The bit at the top is YAML metadata, which pandoc understands. The HTML and latex templates in the pandoc-templates repository are set up to use this metadata properly. Pandoc will take care of the citations directly. There is more than one way to have pandoc manage citations, but here we just use the most self-contained route. (The bibliography line is not needed by pandoc at all: it is a hack to allow RefTeX to easily insert citations in the document while editing in Emacs.) The Makefile in the examples directory will convert any markdown files in the working directory to HTML, .tex, and PDF output. Just type make at the terminal. If things go as they should, the HTML output from the example will look like this:

HTML output from Pandoc

HTML output from Pandoc

The PDF output, meanwhile, can be viewed here. Both look quite nice. The relevant sections of the Makefile show the pandoc commands that generate the output files from the markdown input. The Makefile section for producing PDF output looks like this:

pandoc -r markdown+simple_tables+table_captions+yaml_metadata_block -s -S --latex-engine=pdflatex --template=$(PREFIX)/templates/latex.template --filter pandoc-citeproc --csl=$(PREFIX)/csl/$(CSL).csl --bibliography=$(BIB)

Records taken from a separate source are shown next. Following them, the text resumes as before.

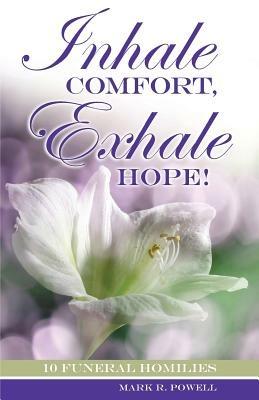 Inhale Comfort, Exhale Hope! - Mark Randall Powell - cover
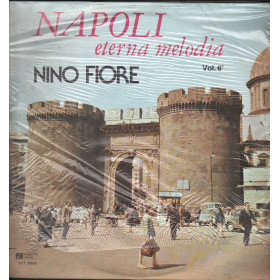 Nino Fiore LP Vinile Napoli Eterna Melodia Vol. 6 / Phonotype Record – SCT30030 Sigillato Nino Fiore LP Vinile Napoli Eterna Melodia Vol. 6 / Phonotype Record – SCT30030 Sigillato
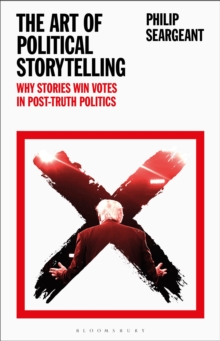 The Art of Political Storytelling : Why Stories Win Votes in Post-truth Politics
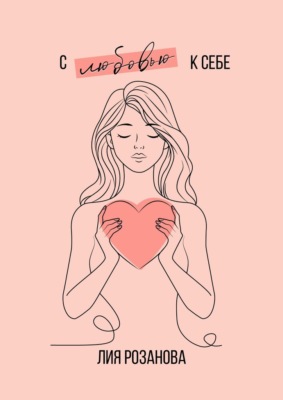 С любовью к себе. 100 техник и медитаций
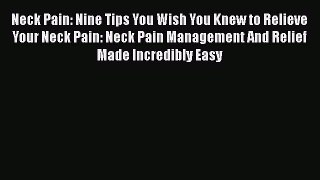 Read Neck Pain: Nine Tips You Wish You Knew to Relieve Your Neck Pain: Neck Pain Management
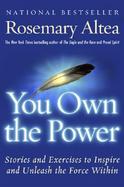 You Own the Power Stories and Exercises to Inspire and Unleash the Force Within cover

This contains some variables that are set at the top of the Makefile. On my computer, the command as actually executed looks like this:

pandoc -r markdown+simple_tables+table_captions+yaml_metadata_block -s -S --latex-engine=pdflatex --template=/Users/kjhealy/.pandoc/templates/latex.template --filter pandoc-citeproc --csl=/Users/kjhealy/.pandoc/csl/apsr.csl --bibliography=/Users/kjhealy/Documents/bibs/socbib-pandoc.bib

Your version would vary depending on the location of the templates and bibliography files. This is what you would run from the command line if you wanted to take a markdown file and use pdflatex to turn it in to a PDF, using the APSR reference style, my latex template, and a .bib file called socbib-pandoc.bib.

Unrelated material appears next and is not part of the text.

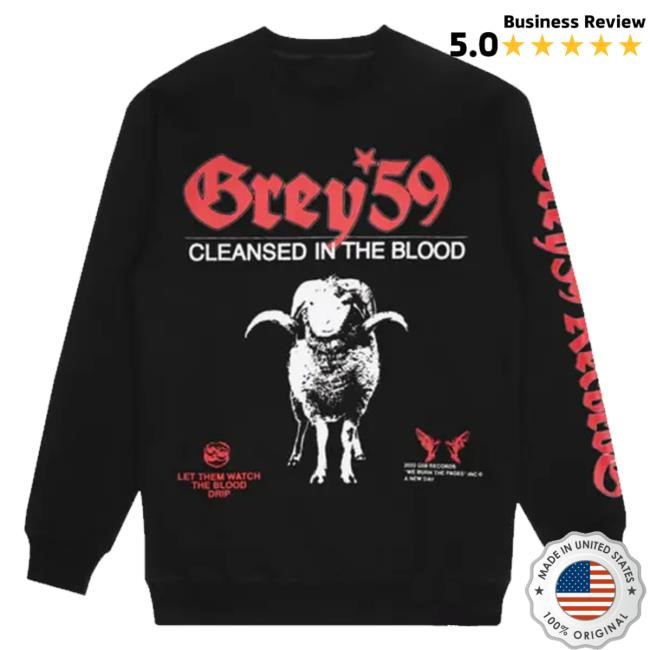 G59 Merch Store Grey 59 Cleansed In The Blood Crewneck Sweatshirt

The pandoc latex.template and xelatex.template files differ mainly in the way they set up typefaces. The beginning of the latex.template file has the following lines:

\documentclass[11pt,article,oneside]{memoir}
\usepackage[minion]{org-preamble-pdflatex}
\input{vc}

If you do not have the Minion Pro fonts installed and available to LaTeX, remove the [minion] option from the section line. (You can read more about getting Minion Pro and installing it for LaTeX here.) If you do not use vc.sty then comment out or delete the third line. Similarly, if you use XeLaTeX rather than pdfLaTeX, tell pandoc to use xelatex.template and --latex-engine=xelatex. Inside xelatex.template make sure the font selections after the \begin{document} declaration are for typefaces you have installed.

The examples directory also includes a sample .Rmd file. The code chunks in the file provide examples of how to generate tables and figures in the document. In particular they show some useful options that can be passed to knitr. Consult the knitr project page for extensive documentation and many more examples. To produce output from the article-knitr.Rmd file, launch R in the working directory, load knitr, and process the file. You will also need the ascii, memisc, and ggplot2 libraries to be available.

> library(knitr)
> knit("article-knitr.Rmd")

If things are working properly, then a markdown file called article-knitr.md will be produced, together with some graphics in the figures/ subfolder and some working files in the cache/ folder. We set things up in the .Rmd file so that knitr produces both PNG and PDF versions of whatever figures are generated by R. That prepares the way for easy conversion to HTML and LaTeX. Once the article-knitr.md file is produced, HTML, .tex, and PDF versions of it can be produced as before, by typing make at the command line. You can also run the pandoc commands manually, of course, or run pandoc from inside R via knitr’s pandoc() helper function, or set your editor up to run make for you as needed, if it can do that.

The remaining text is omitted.